駐車場まで戻ってきて、自販機で飲み物を買った。
「なんにする?」と聞いたのだけど、玲望は「炭酸」と答えた。
炭酸にも色々あるのだけど、玲望がさっさと金を入れて、ボタンを押したのはレモンサイダーだった。
がこんっと出てきたそれ。瑞樹は数秒、見つめてしまった。
出てきたペットボトルを玲望が持ち上げ、「つめてー」と楽しそうに頬に当てるのを。
初夏の冷たいレモネード。
真冬の優しい温度のホットレモン。
ほかにもアイスとかもあった気がする。
玲望は思い出してくれたのかもしれない。
二人のここまで一緒に歩んできた時間を。
日々を。
今、飲むのにふさわしい、なんて思ってしまって、瑞樹もつい同じものを買っていた。
「うめぇな。酸っぱいけど」
瑞樹も一気に煽る。喉はからからだったのだ。レモンサイダーは口の中でぱちぱち弾け、体を心地良く冷やしてくれた。
「レモンには疲労回復効果があるんだぜ」
ちゃぷんとペットボトルを振って、玲望は言った。
「だいぶ疲れたからなー。瑞樹のせいで」
ここまで何度も言われた言葉だったけれど、今のもの。一番嬉しそうだと瑞樹は感じてしまった。
「悪かったな」
なので素直に言ったのだけど、玲望はさらりと言った。
「悪くねぇよ。
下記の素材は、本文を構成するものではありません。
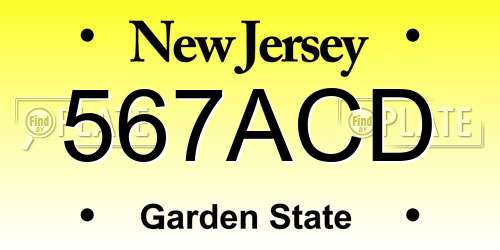 567ACD New Jersey License Plate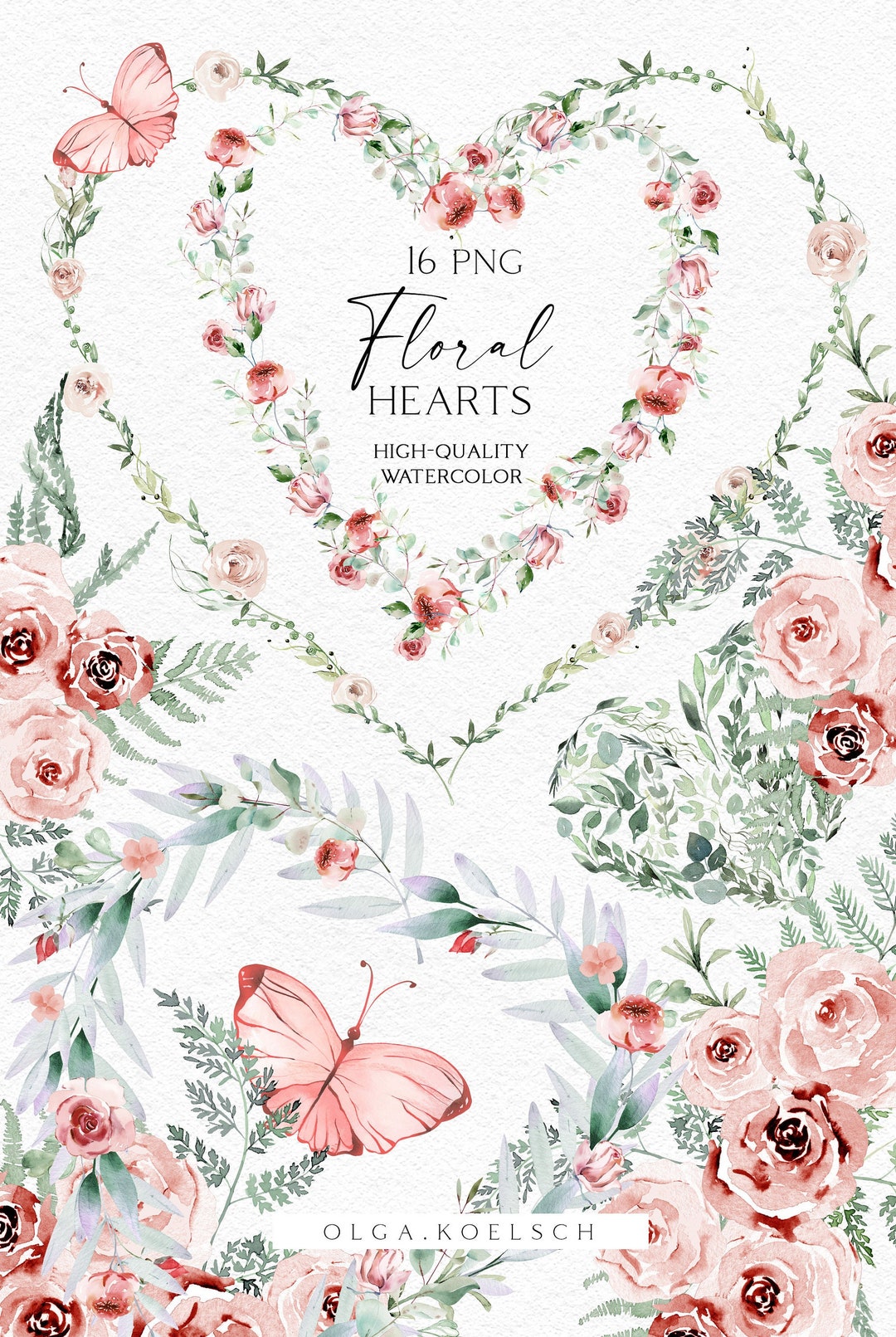 Pink Flower Png, Watercolor Valentine Clipart, Floral Heart Clipart ...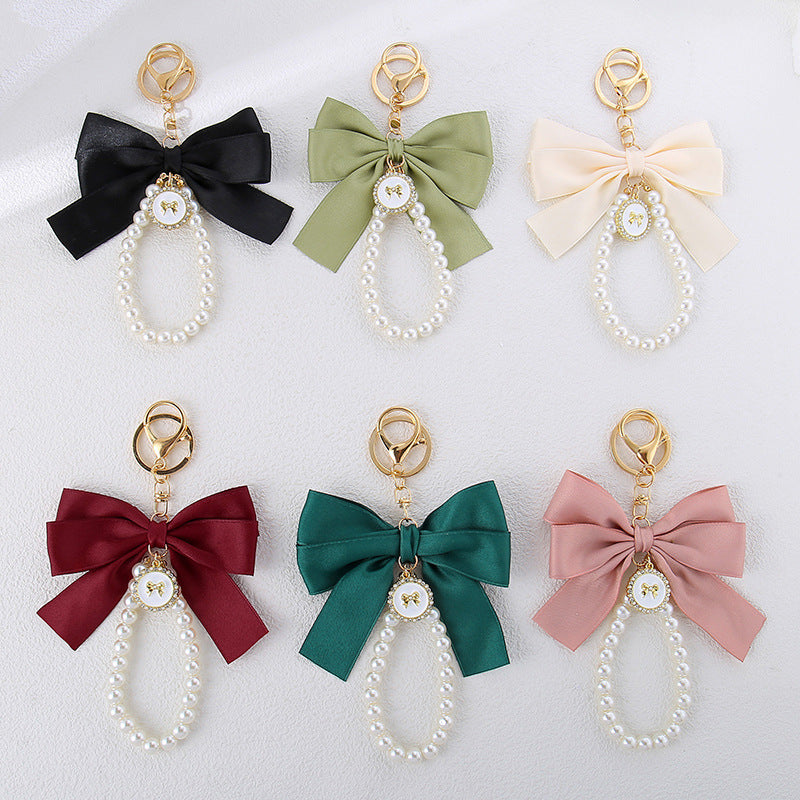 Satin Bow Pearl Loop Bag Charm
いいもん、見れたし」
いいもん、とは海だけではないだろう。玲望ははっきり言わなかったけれど。
海という場所。
これから一緒に居られるという、約束のできた場所。
別に海でなくても良かったと思う。
でも今夜は、きっとここがふさわしかった。
「そりゃ良かった」
レモンサイダーをもうひとくち飲んで。瑞樹は玲望のほうへ一歩踏み出した。顔を近付け、そっと触れる。
やわらかなくちびるへ。ふんわりしていてあたたかい。
「酸っぱいだろ」
離すと玲望はちょっと眉を寄せていた。
「同じ味だろ」
なのでしれっと言い返す。
誓いのキス、なんてものではない。そんな大仰な気持ちではない。
でも約束ではある。
いつか必ず叶えよう、という約束だ。
だから今はレモンの酸っぱさがきっとふさわしい。
きゅんと酸っぱいレモンの味は、二人の傍にいつもあったもの。
すべてがはじまった日も、楽しい日も、ちょっと喧嘩をした日も。
今は胸に約束を染み入らせるような。
そんな新しい酸っぱさが、じわりと胸に広がっていった。